Despite the common notion that religious beliefs conflict with evolutionary theory, many philosophers, theologians and scientists have discussed a range of possible ways to view potential compatibility between evolution and religion (Pear et al. 2015; Yasri et al. 2013). In addition, 16,000 religious leaders (Christian, Jews, and Buddhists) signed a letter supporting potential compatibility between evolution and religion, known as “the Clergy Letter Project” (Zimmerman 2018). Therefore, there are religious solutions to the conflict, although they are unlikely to be commonly known among the general public, as already noted.

The controversy around evolution and religion is one particular example of the larger relationship between science and religion, which presents a complex history of interaction that includes frequent controversy and mutual suspicion, but also ongoing cooperation and accommodation (Shane et al. 2016; Yasri et al. 2013) provided a comprehensive review of the various taxonomies described in the literature and summarized the different views according to their similarities and differences (see “Methods” section below). In addition to synthesizing a taxonomy, Yasri et al. (2013) developed a standardized research tool, based on that taxonomy, that enabled identifying the different views of their research objectives and comparing existing and future studies. The tool used by Yasri et al. (2013) is presented in detail in “Methods” section.

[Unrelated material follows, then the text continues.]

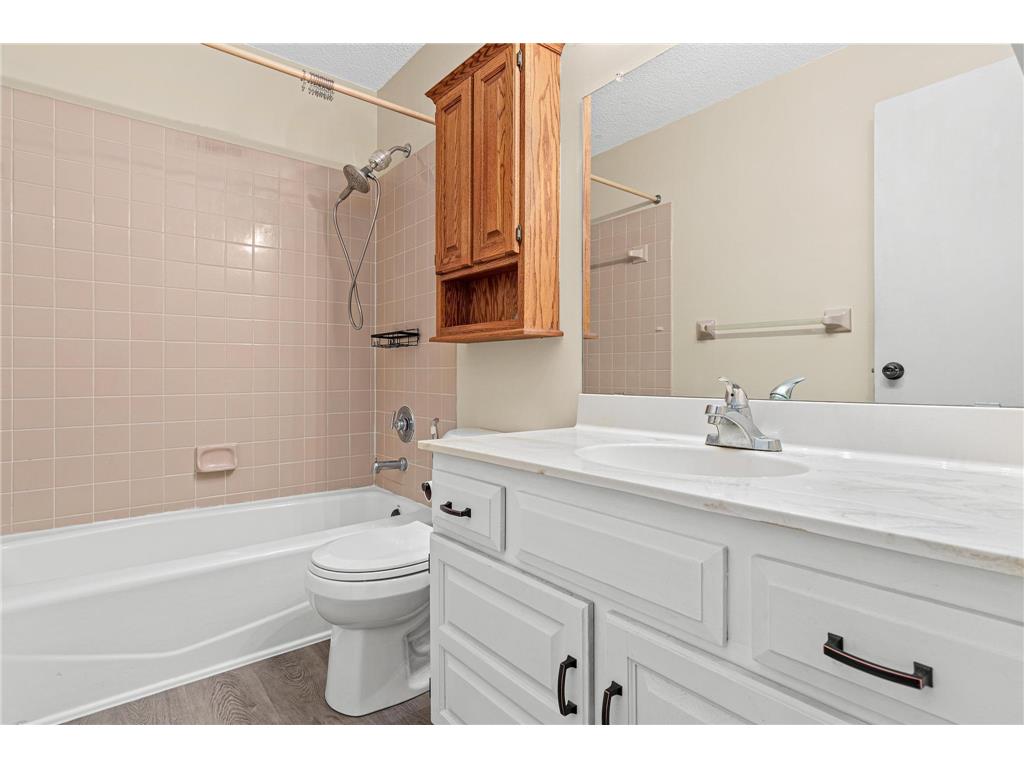 7714 York Lane N Brooklyn Park MN 55443 7023275 image22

Acceptance of evolution in Israel

Israel is a multicultural country. Most of its population is Jewish (74.1%), 21.0% is Arab (Muslim, Christian and Druze), and other minorities make up the remaining 4.9% (Israel Central Bureau of Statistics 2019). The Jewish population is composed of 44% who define themselves as secular, 35.1% as traditional, 10.9% as religious (modern Orthodox), 9.7% as ultra-Orthodox, and 0.3% unknown (Israel Central Bureau of Statistics 2016). A survey that examined Jewish Israeli beliefs showed that 80% of the Jewish population in Israel believes in god (Arian and Keissar-Sugarmen 2012). When Israeli Jews from different sectors were asked to choose whether: “humans and other living things: have evolved over time” or “have existed in their present form since the beginning of time,” about half of them (53%) chose the first option, indicating an acceptance of evolution, while 43% chose the second option, indicating rejection of evolution. The percentages of those who accepted evolution among each sector were: 83% of secular Jews, 35% of traditional Jews, 11% of modern Orthodox Jews and 3% of ultra-Orthodox Jews (Pew Research Center 2016). Thus, as most religious people in Israel tend to reject evolution, we sought to understand the conception of the minority religious people who do not reject evolution. The study population was composed of modern Orthodox and ultra-Orthodox Jews who accept evolution.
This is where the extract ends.